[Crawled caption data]
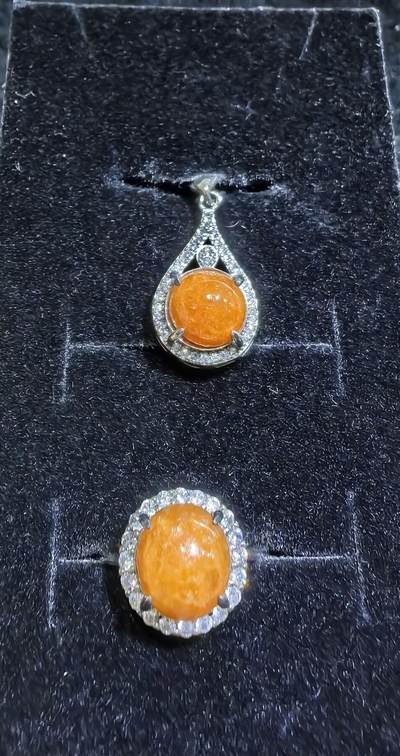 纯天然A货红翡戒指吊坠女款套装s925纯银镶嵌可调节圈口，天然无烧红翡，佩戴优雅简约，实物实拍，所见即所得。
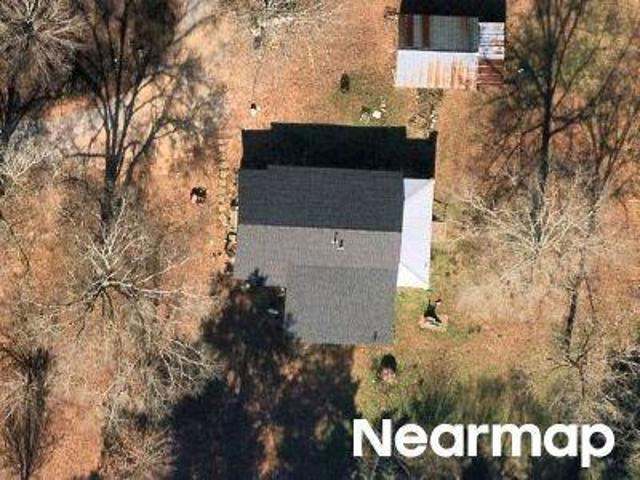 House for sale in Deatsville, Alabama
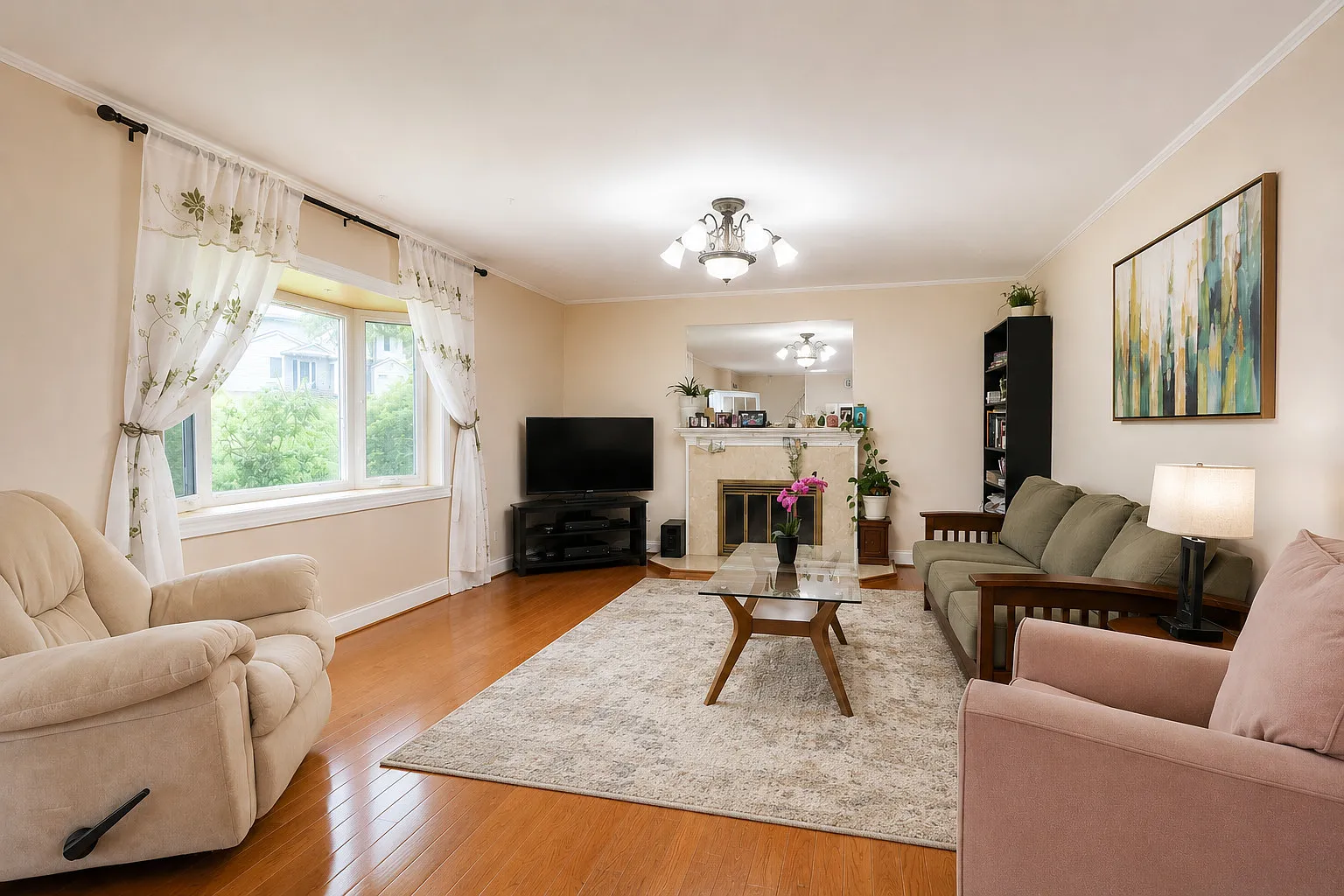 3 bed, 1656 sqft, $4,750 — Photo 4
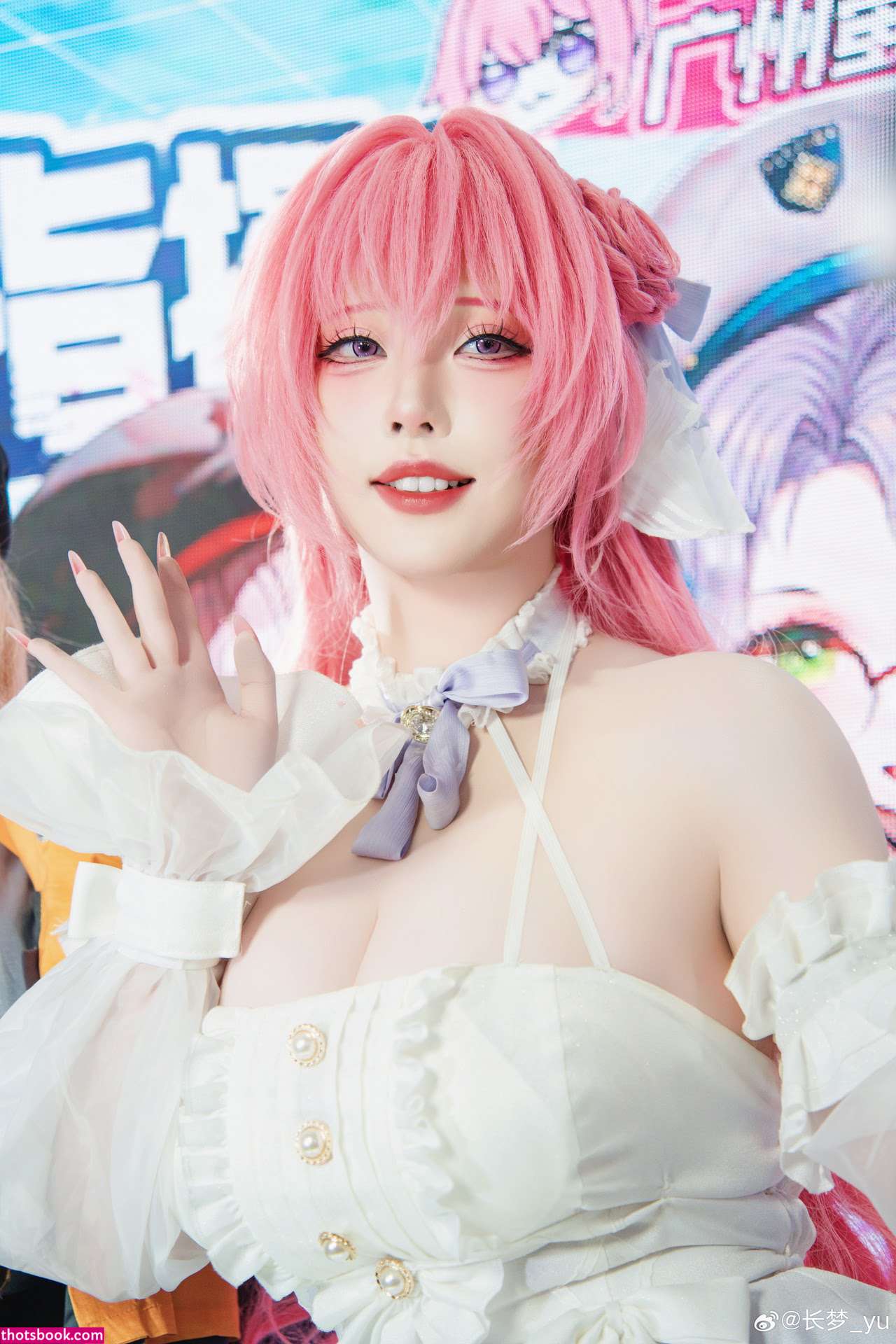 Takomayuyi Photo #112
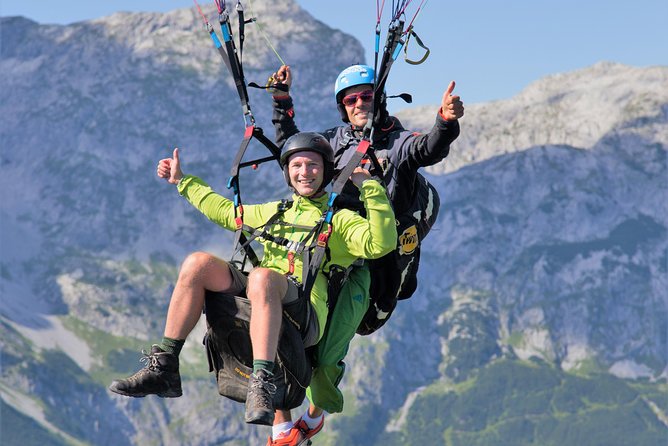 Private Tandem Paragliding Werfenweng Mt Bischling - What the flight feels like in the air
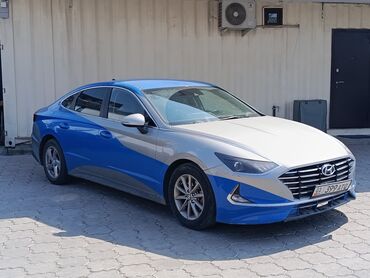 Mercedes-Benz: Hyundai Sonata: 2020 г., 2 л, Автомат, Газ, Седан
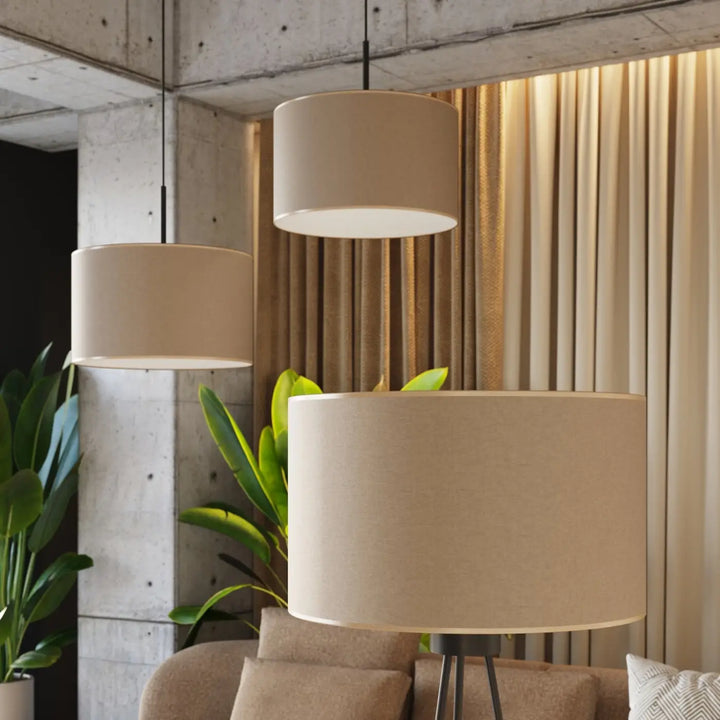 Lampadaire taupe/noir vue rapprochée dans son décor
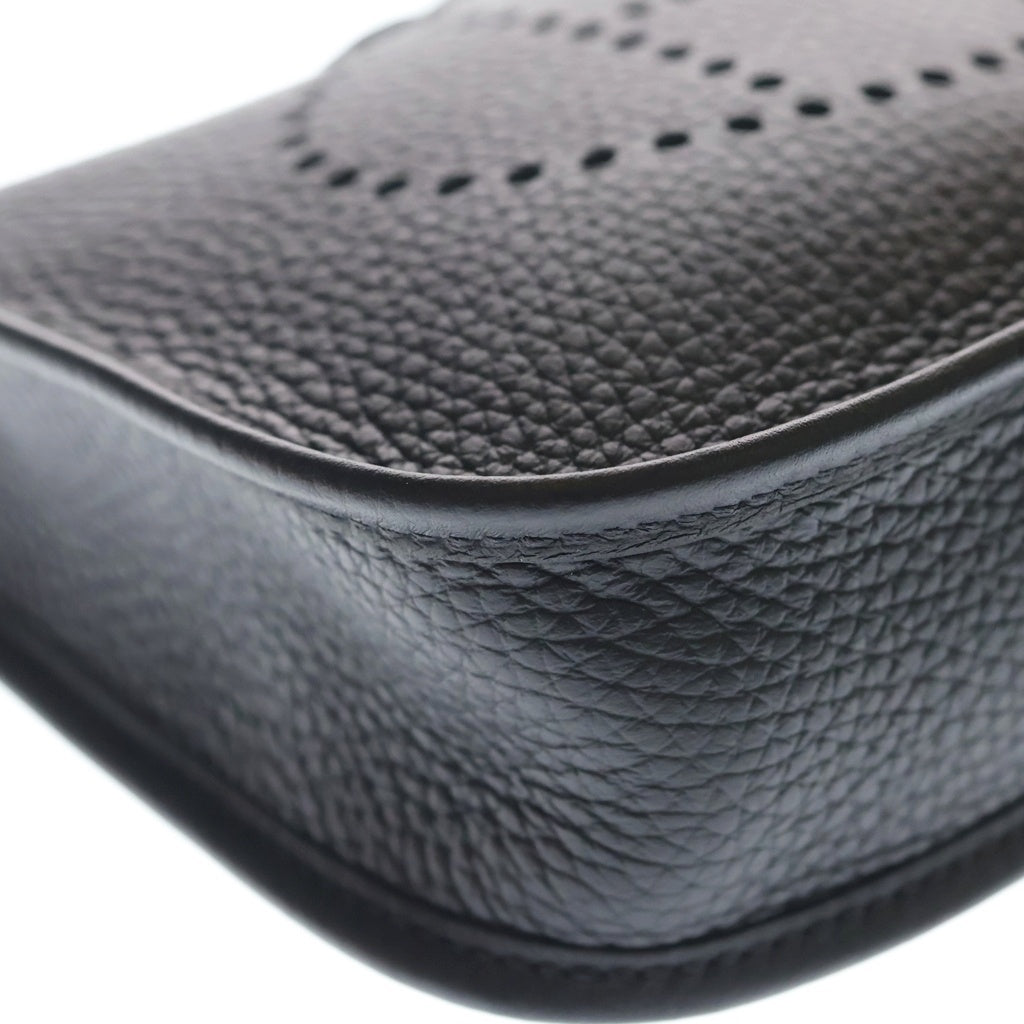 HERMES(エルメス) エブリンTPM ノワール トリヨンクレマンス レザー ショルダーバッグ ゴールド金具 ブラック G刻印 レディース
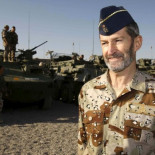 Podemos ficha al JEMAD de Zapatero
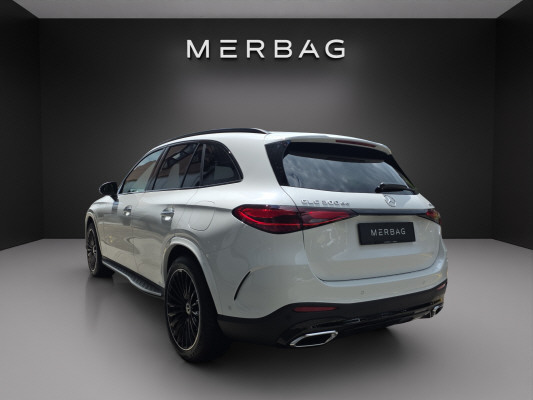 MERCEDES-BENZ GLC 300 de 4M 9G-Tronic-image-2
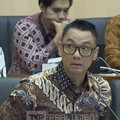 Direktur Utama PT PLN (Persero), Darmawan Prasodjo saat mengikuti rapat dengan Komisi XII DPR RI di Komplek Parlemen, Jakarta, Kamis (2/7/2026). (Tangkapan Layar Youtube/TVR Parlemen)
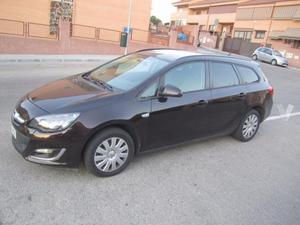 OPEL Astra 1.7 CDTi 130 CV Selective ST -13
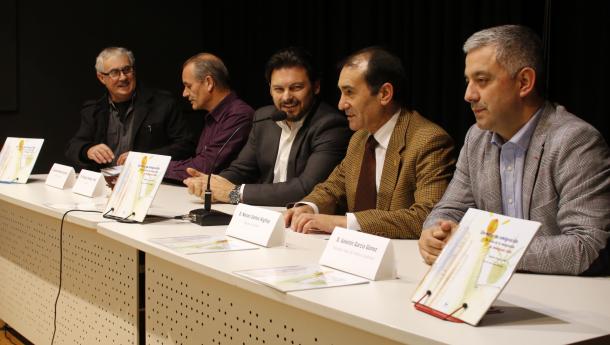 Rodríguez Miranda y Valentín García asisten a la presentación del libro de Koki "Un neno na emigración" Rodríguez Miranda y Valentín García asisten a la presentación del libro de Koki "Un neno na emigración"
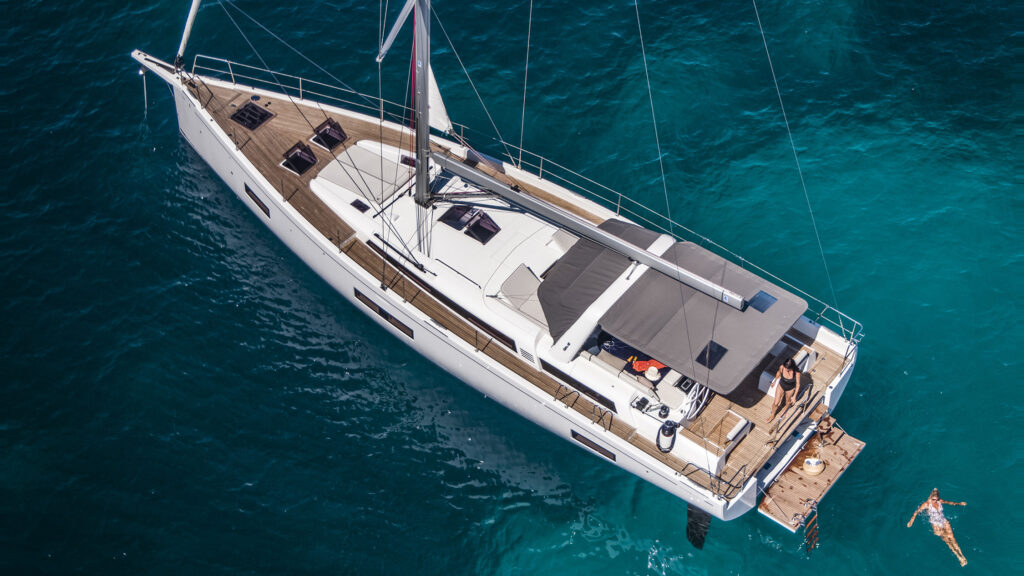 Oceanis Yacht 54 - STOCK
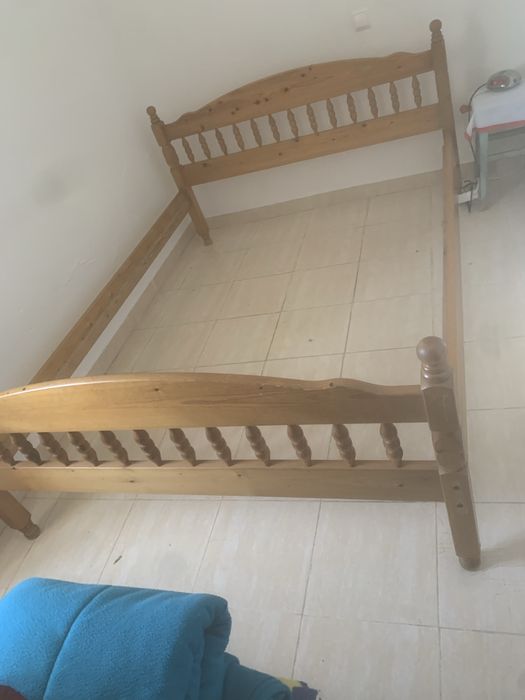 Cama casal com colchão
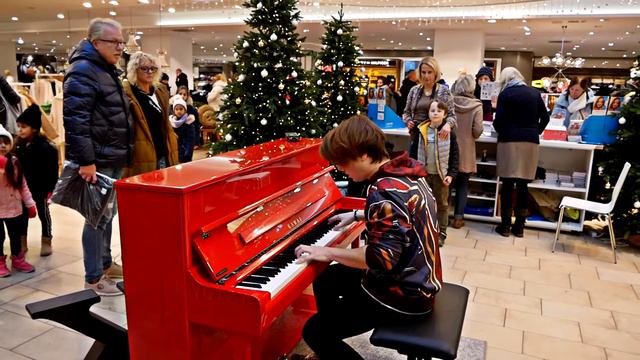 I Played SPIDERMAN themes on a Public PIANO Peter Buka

* **Work to be completed**
Only an exact copy belongs in the answer: the lines from the one containing "3 bed, 1656 sqft, $4,750 — Photo 4" through the end of the records, both ends included, minus the pictures.

* **Exercise response**
 3 bed, 1656 sqft, $4,750 — Photo 4
 Takomayuyi Photo #112
 Private Tandem Paragliding Werfenweng Mt Bischling - What the flight feels like in the air
 Mercedes-Benz: Hyundai Sonata: 2020 г., 2 л, Автомат, Газ, Седан
 Lampadaire taupe/noir vue rapprochée dans son décor
 HERMES(エルメス) エブリンTPM ノワール トリヨンクレマンス レザー ショルダーバッグ ゴールド金具 ブラック G刻印 レディース
 Podemos ficha al JEMAD de Zapatero
 MERCEDES-BENZ GLC 300 de 4M 9G-Tronic-image-2
 Direktur Utama PT PLN (Persero), Darmawan Prasodjo saat mengikuti rapat dengan Komisi XII DPR RI di Komplek Parlemen, Jakarta, Kamis (2/7/2026). (Tangkapan Layar Youtube/TVR Parlemen)
 OPEL Astra 1.7 CDTi 130 CV Selective ST -13
 Rodríguez Miranda y Valentín García asisten a la presentación del libro de Koki "Un neno na emigración" Rodríguez Miranda y Valentín García asisten a la presentación del libro de Koki "Un neno na emigración"
 Oceanis Yacht 54 - STOCK
 Cama casal com colchão
 I Played SPIDERMAN themes on a Public PIANO Peter Buka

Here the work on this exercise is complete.